Extracted records:
*** Block opens ***

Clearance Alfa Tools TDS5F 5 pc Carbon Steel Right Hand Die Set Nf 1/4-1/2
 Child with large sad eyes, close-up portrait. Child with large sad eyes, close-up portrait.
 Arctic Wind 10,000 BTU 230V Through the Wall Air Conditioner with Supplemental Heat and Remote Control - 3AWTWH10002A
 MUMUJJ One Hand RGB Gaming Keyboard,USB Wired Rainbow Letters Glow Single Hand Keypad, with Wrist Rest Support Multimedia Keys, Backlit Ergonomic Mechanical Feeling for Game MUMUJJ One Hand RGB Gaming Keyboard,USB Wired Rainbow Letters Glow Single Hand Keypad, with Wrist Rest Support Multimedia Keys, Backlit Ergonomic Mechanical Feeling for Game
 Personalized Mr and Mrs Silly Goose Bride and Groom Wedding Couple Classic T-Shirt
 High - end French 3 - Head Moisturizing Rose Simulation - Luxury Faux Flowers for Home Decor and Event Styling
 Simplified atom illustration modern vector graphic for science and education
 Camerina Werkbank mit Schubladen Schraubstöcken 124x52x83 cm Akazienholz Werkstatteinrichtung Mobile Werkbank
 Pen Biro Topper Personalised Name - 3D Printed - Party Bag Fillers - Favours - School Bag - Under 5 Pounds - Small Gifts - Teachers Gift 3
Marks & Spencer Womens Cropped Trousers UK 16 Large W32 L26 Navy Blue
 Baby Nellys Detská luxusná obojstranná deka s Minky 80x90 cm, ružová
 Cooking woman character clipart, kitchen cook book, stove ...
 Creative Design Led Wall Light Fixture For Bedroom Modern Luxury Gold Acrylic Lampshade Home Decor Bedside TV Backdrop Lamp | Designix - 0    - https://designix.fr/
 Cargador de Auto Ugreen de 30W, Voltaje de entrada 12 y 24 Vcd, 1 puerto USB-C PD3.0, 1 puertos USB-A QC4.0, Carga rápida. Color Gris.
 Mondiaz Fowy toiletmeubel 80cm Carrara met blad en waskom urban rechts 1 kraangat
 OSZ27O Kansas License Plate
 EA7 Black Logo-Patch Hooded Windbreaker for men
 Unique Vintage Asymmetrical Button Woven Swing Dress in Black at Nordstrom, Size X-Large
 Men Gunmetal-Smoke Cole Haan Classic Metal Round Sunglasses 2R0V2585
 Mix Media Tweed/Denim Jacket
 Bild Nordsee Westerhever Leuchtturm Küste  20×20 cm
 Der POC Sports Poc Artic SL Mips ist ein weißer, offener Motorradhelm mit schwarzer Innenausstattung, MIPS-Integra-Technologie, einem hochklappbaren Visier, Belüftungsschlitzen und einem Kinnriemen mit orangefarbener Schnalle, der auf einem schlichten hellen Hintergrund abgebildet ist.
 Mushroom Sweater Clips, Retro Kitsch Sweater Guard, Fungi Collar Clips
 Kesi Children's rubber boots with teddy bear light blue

*** Block closes ***

Problem statement =>
Every entry above needs to be quoted exactly.

Answer space =>
Clearance Alfa Tools TDS5F 5 pc Carbon Steel Right Hand Die Set Nf 1/4-1/2
 Child with large sad eyes, close-up portrait. Child with large sad eyes, close-up portrait.
 Arctic Wind 10,000 BTU 230V Through the Wall Air Conditioner with Supplemental Heat and Remote Control - 3AWTWH10002A
 MUMUJJ One Hand RGB Gaming Keyboard,USB Wired Rainbow Letters Glow Single Hand Keypad, with Wrist Rest Support Multimedia Keys, Backlit Ergonomic Mechanical Feeling for Game MUMUJJ One Hand RGB Gaming Keyboard,USB Wired Rainbow Letters Glow Single Hand Keypad, with Wrist Rest Support Multimedia Keys, Backlit Ergonomic Mechanical Feeling for Game
 Personalized Mr and Mrs Silly Goose Bride and Groom Wedding Couple Classic T-Shirt
 High - end French 3 - Head Moisturizing Rose Simulation - Luxury Faux Flowers for Home Decor and Event Styling
 Simplified atom illustration modern vector graphic for science and education
 Camerina Werkbank mit Schubladen Schraubstöcken 124x52x83 cm Akazienholz Werkstatteinrichtung Mobile Werkbank
 Pen Biro Topper Personalised Name - 3D Printed - Party Bag Fillers - Favours - School Bag - Under 5 Pounds - Small Gifts - Teachers Gift 3
Marks & Spencer Womens Cropped Trousers UK 16 Large W32 L26 Navy Blue
 Baby Nellys Detská luxusná obojstranná deka s Minky 80x90 cm, ružová
 Cooking woman character clipart, kitchen cook book, stove ...
 Creative Design Led Wall Light Fixture For Bedroom Modern Luxury Gold Acrylic Lampshade Home Decor Bedside TV Backdrop Lamp | Designix - 0    - https://designix.fr/
 Cargador de Auto Ugreen de 30W, Voltaje de entrada 12 y 24 Vcd, 1 puerto USB-C PD3.0, 1 puertos USB-A QC4.0, Carga rápida. Color Gris.
 Mondiaz Fowy toiletmeubel 80cm Carrara met blad en waskom urban rechts 1 kraangat
 OSZ27O Kansas License Plate
 EA7 Black Logo-Patch Hooded Windbreaker for men
 Unique Vintage Asymmetrical Button Woven Swing Dress in Black at Nordstrom, Size X-Large
 Men Gunmetal-Smoke Cole Haan Classic Metal Round Sunglasses 2R0V2585
 Mix Media Tweed/Denim Jacket
 Bild Nordsee Westerhever Leuchtturm Küste  20×20 cm
 Der POC Sports Poc Artic SL Mips ist ein weißer, offener Motorradhelm mit schwarzer Innenausstattung, MIPS-Integra-Technologie, einem hochklappbaren Visier, Belüftungsschlitzen und einem Kinnriemen mit orangefarbener Schnalle, der auf einem schlichten hellen Hintergrund abgebildet ist.
 Mushroom Sweater Clips, Retro Kitsch Sweater Guard, Fungi Collar Clips
 Kesi Children's rubber boots with teddy bear light blue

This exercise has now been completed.